We have become a parasite-state living off the cream generated by other societies, and not just in energy. Our “Naval Service” is inferior to Nepal’s and so the Royal Navy defends our waters and our undersea cables, our Air Corps runs free flying-classes for Ryanair’s future pilots while the RAF protects our airspace, and the Army has been so undermined by political interference that it would probably lose a war with a covey of nonagenarian nuns in Nenagh. Our state accounts are a vast international Ponzi scheme of creative-accounting conducted with taxation-mirrors and charm, understood only by a cackling mad gnome living beneath the Matterhorn, for which a day of reckoning will surely come, as will inevitably the multi-billion-plus fine from the EU.

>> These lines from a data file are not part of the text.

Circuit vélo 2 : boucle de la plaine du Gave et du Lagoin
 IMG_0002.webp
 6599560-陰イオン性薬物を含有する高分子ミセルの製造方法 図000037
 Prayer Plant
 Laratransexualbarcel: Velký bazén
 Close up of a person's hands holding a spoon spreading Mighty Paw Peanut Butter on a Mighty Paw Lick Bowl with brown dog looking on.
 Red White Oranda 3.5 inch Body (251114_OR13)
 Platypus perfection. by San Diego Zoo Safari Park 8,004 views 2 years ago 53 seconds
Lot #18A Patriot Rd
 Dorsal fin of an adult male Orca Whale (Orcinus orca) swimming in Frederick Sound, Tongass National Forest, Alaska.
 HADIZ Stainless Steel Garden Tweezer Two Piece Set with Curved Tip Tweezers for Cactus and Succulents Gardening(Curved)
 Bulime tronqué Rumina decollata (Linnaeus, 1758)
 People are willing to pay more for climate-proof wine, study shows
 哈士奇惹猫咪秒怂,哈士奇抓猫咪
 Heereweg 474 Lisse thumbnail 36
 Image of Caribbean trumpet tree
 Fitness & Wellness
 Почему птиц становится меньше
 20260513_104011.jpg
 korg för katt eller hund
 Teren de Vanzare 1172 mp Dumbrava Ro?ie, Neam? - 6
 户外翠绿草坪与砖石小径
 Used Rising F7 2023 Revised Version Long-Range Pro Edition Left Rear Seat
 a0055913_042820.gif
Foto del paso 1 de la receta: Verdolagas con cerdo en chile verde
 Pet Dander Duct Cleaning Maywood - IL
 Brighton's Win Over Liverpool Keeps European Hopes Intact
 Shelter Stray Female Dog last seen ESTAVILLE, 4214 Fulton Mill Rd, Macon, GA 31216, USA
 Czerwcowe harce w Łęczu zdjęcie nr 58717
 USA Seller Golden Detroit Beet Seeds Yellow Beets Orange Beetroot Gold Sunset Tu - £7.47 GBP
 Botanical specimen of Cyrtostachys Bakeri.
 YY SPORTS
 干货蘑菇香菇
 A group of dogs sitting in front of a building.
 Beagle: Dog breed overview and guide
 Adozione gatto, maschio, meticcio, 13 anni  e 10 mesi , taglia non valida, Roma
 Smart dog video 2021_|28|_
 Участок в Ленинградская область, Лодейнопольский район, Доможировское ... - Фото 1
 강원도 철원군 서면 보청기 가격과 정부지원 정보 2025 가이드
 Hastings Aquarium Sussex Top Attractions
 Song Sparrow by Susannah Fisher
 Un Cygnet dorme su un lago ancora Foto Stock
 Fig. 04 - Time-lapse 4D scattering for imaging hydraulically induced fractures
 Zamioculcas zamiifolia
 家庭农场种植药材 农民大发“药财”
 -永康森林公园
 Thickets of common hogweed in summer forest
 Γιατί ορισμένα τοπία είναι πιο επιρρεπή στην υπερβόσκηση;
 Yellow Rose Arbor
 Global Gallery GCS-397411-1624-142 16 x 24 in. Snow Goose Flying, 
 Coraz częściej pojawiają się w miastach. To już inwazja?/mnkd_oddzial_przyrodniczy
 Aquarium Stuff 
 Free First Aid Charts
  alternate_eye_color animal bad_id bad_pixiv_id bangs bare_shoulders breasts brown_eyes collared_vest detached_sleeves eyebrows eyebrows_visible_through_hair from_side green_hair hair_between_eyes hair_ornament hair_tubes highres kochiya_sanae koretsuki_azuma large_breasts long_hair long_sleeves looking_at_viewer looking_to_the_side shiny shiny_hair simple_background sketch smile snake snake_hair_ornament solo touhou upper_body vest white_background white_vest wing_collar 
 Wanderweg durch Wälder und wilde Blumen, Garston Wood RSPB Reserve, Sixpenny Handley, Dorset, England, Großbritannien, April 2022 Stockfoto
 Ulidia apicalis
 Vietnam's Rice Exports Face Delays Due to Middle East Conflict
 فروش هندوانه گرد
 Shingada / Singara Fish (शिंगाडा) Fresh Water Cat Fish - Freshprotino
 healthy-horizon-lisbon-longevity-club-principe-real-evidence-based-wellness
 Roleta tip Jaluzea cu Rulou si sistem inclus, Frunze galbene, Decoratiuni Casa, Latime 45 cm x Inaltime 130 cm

Moreover, nothing that mankind does to the climate can match the mischief that nature naturally does. The eruptions last week of Etna and Stromboli probably undid all the CO2 emission-reductions in Europe over the past decade, even before we consider the deranged galaxy of toxins that is Siberia. Its landmass of several million square miles is seeping methane in unquantifiably vast amounts, much of it having been imprisoned in the Palaeozoic of around five hundred million years ago. This is the original fossil fuel, which regularly explodes through the permafrost like small nuclear bombs. Methane is also more than eighty times more “warming” than our modest and much-vilified CO2, thus making Ireland’s contribution to global warming seem like a butterfly-fart on a windswept Alp, as of course does China’s two hundred new coal-fired power stations, as does India’s….et cetera.

Professor Nikolas Froitzheim, a Gloomologist at the University of Bonn, declares that analysing the Siberian data might make the difference between a catastrophe and an apocalypse: or in Irish terms. the equivalent of death either by famine or by starvation, take your pick. Hmmm, let me think now……

Meanwhile a worm found deep in the permafrost was recently revived, presumably with a rather gallantly-administered kiss-of-life from a veterinarian nurse called Karen.  Now regularly doing hearty morning press-ups, the worm is believed to be 44,000 years old: not quite sure how they know that – probably by cutting it in half and counting the rings before Karen super-glued it back together again. That’s the good news: the bad is that scientists fear that lethal viruses slumbering in Siberia’s permafrost might similarly emerge any day now, garrotting poor Karen in the lab before slipping past security and wiping out all of humankind, slowly and in hideous agony: ah, hello COVID-24.